11997 - K Smallest Sums(优先队列)

　　

　　

11997 - K Smallest Sums

You’re given k arrays, each array has k integers. There are k
k ways to pick exactly one element in each
array and calculate the sum of the integers. Your task is to find the k smallest sums among them.
Input
There will be several test cases. The first line of each case contains an integer k (2 ≤ k ≤ 750). Each of
the following k lines contains k positive integers in each array. Each of these integers does not exceed
1,000,000. The input is terminated by end-of-file (EOF).
Output
For each test case, print the k smallest sums, in ascending order.
Sample Input
3
1 8 5
9 2 5
10 7 6
2
1 1
1 2
Sample Output
9 10 12
2 2

题意：

给你k个数组，从每个数组里面取个数字，求和，让找k个最小值；

大神的优先队列，自己用好友的思路写了一遍，没考虑周全，wa了，然后借助大神的思路写了一遍就对了，大神是把复杂问题简单化，把k维转化为二维；

代码：

#include<iostream>
#include<cstdio>
#include<cmath>
#include<cstring>
#include<queue>
#include<algorithm>
#include<vector>
using namespace std;
const int INF=0x3f3f3f3f;
const int MAXN=800;
typedef long long LL;
int mp[MAXN][MAXN];
struct Node{
	int s,p;
	Node(int s,int p):s(s),p(p){}
	friend bool operator <(Node a,Node b){
		return a.s>b.s;
	}
};
void merge(int *a,int *b,int *c,int n){
	sort(a,a+n);sort(b,b+n);
	priority_queue<Node>dl;
	for(int i=0;i<n;i++)dl.push(Node(a[i]+b[0],0));
	for(int i=0;i<n;i++){
		Node d=dl.top();dl.pop();
		c[i]=d.s;
		dl.push(Node(d.s-b[d.p]+b[d.p+1],d.p+1));
	}
}
int main(){
	int k;
	while(~scanf("%d",&k)){
				for(int i=0;i<k;i++)for(int j=0;j<k;j++)scanf("%d",&mp[i][j]);
				for(int i=1;i<k;i++){
					merge(mp[0],mp[i],mp[0],k);
				}
				for(int i=0;i<k;i++){
					if(i)printf(" ");
					printf("%d",mp[0][i]);
				}
				puts("");
			}
	return 0;}
	

　刚开始没考虑周全的代码：

4

1 2 5 100

1 2 8 100

1 8 9 100

1 10 15 100

这组数据就没过。
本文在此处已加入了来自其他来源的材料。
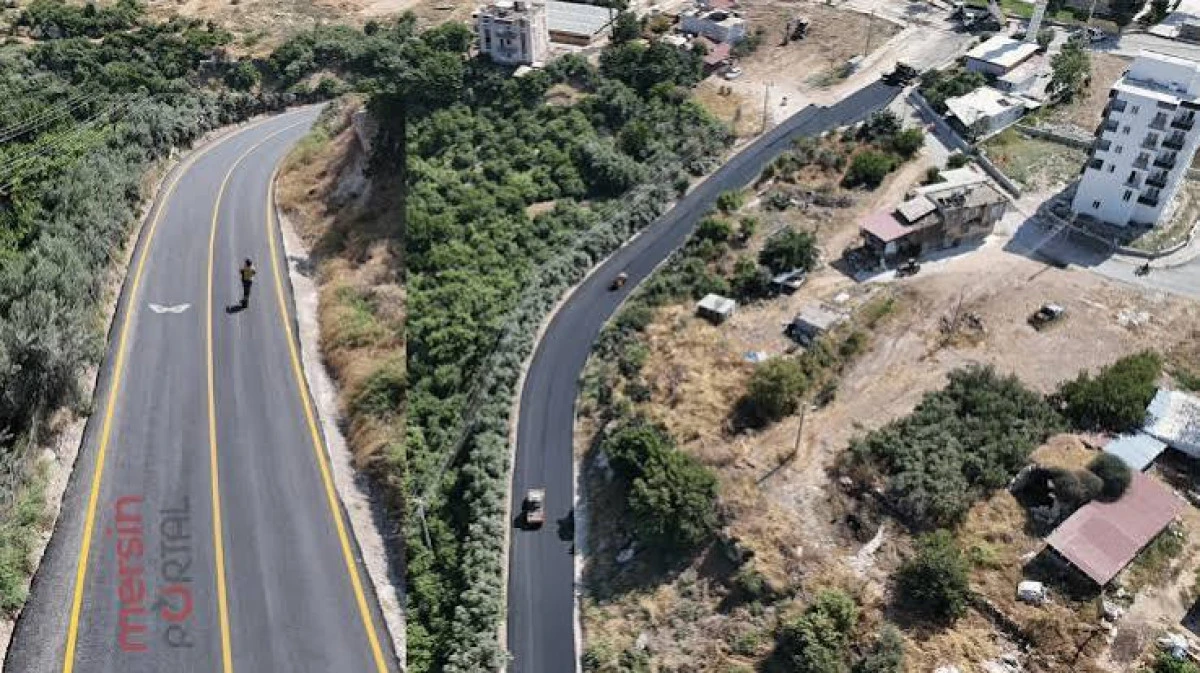 Mersin&rsquo;in Mezitli il&ccedil;esinde 11,5 kilometrelik yol yenilendi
。

wa代码：

#include<iostream>
#include<cstdio>
#include<cmath>
#include<cstring>
#include<queue>
#include<algorithm>
#include<vector>
using namespace std;
const int INF=0x3f3f3f3f;
const int MAXN=800;
typedef long long LL;
priority_queue<int,vector<int>,greater<int> >dl,q;
int main(){
	int k;
	while(~scanf("%d",&k)){
		while(!dl.empty())dl.pop();
		while(!q.empty())q.pop();
		int ans=0;
		int x,a,b;
	for(int i=0;i<k;i++){
	for(int j=0;j<k;j++){
			scanf("%d",&x);dl.push(x);	
			}
			a=dl.top();
			ans+=a;
			dl.pop();
			b=dl.top();
			q.push(b-a);
		//	printf("%d %d\n",a,b);
			while(!dl.empty())dl.pop();
		}
		for(int i=0;i<k;i++){
			if(i)printf(" ");
			if(!i)printf("%d",ans); 
			else printf("%d",ans+q.top()),q.pop();
		}
		puts("");
	}
	return 0;
}